— WHAT THE TASK REQUIRES —
Line for line, return the data exactly, omitting all pictures.

— DATA EXTRACT —
>>>
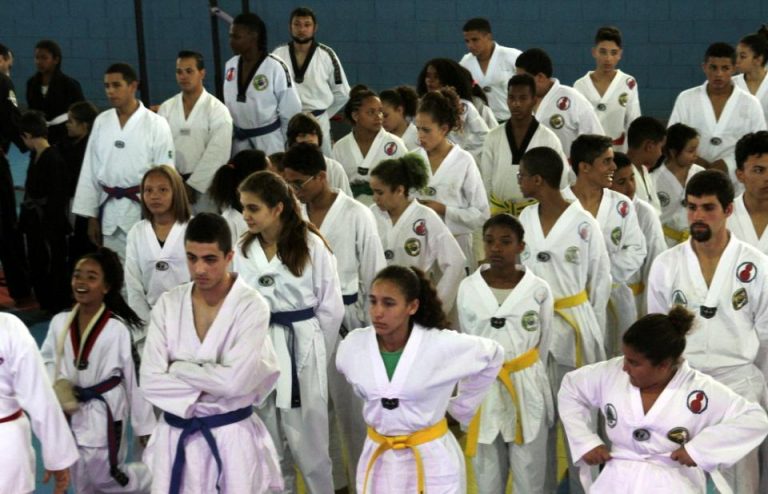 Academia de ginástica é inaugurada no Ginásio do Valo Velho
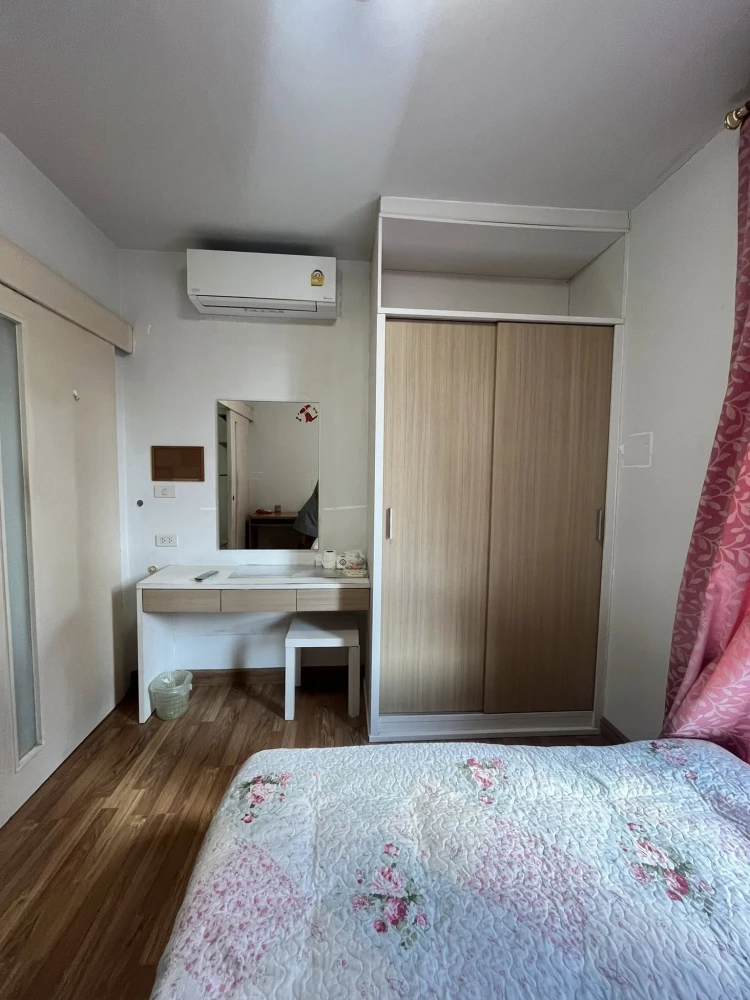 ให้เช่า The Seed Ratchada-Huai Khwang 1 ห้องนอน 1 ห้องน้ำ มาพร้อมเฟอร์ครบครัน หิ้วกระเป๋าเข้าอยู่ได้เลยจ้า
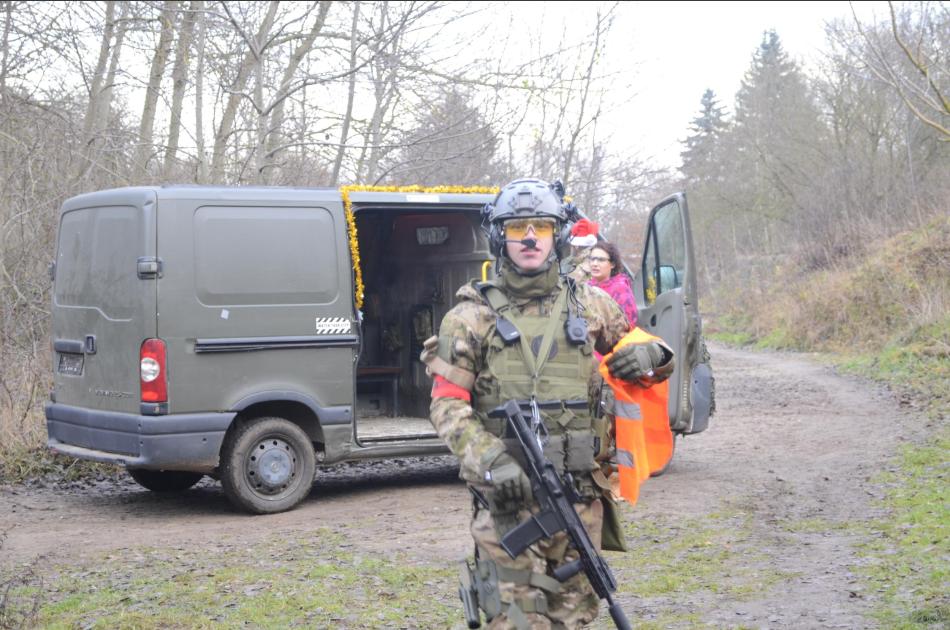 Santa vs Grinch Event 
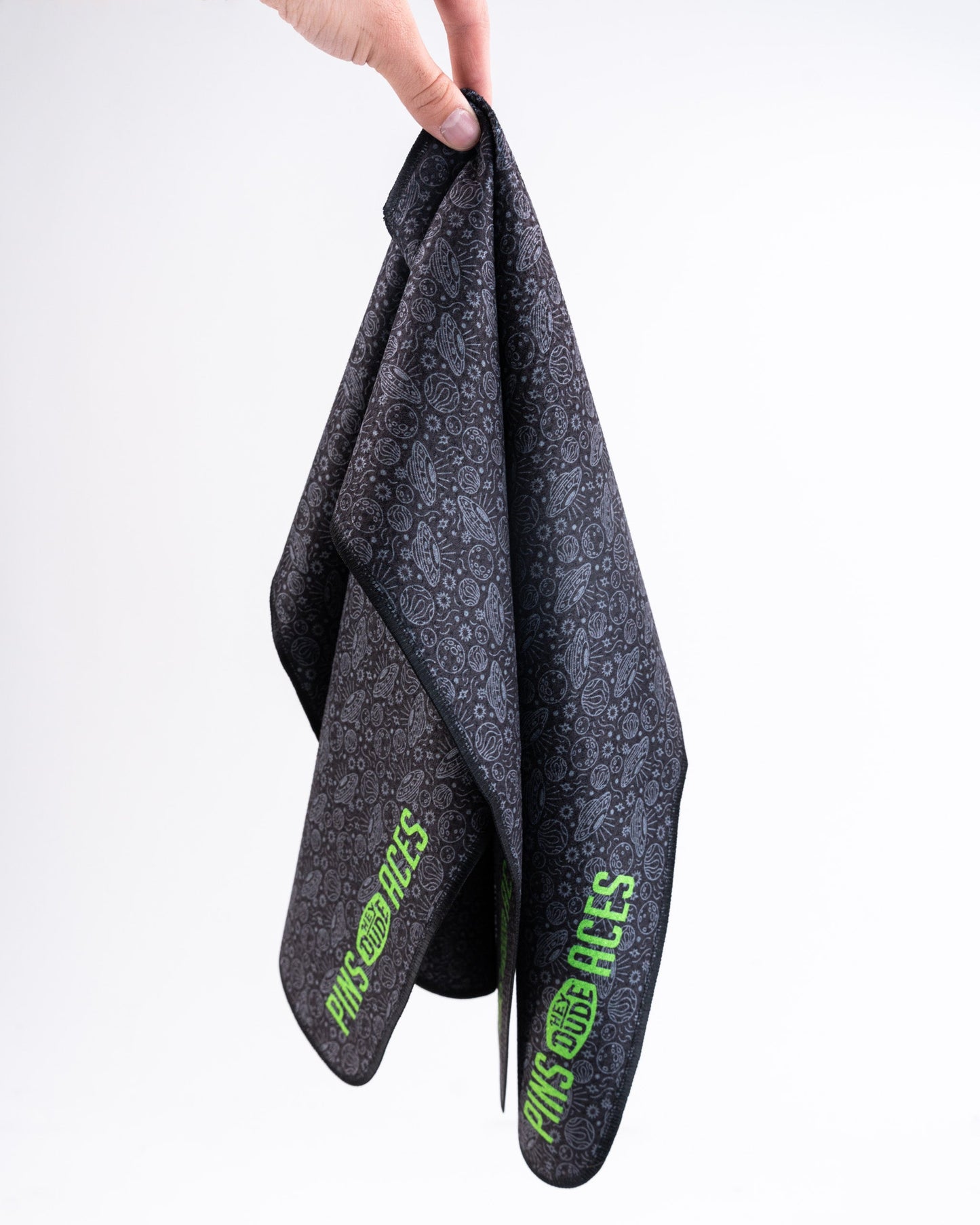 HEYDUDE - Black Hole Towel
<<<
— SOLVED PROBLEM —
 Academia de ginástica é inaugurada no Ginásio do Valo Velho
 ให้เช่า The Seed Ratchada-Huai Khwang 1 ห้องนอน 1 ห้องน้ำ มาพร้อมเฟอร์ครบครัน หิ้วกระเป๋าเข้าอยู่ได้เลยจ้า
 Santa vs Grinch Event 
 HEYDUDE - Black Hole Towel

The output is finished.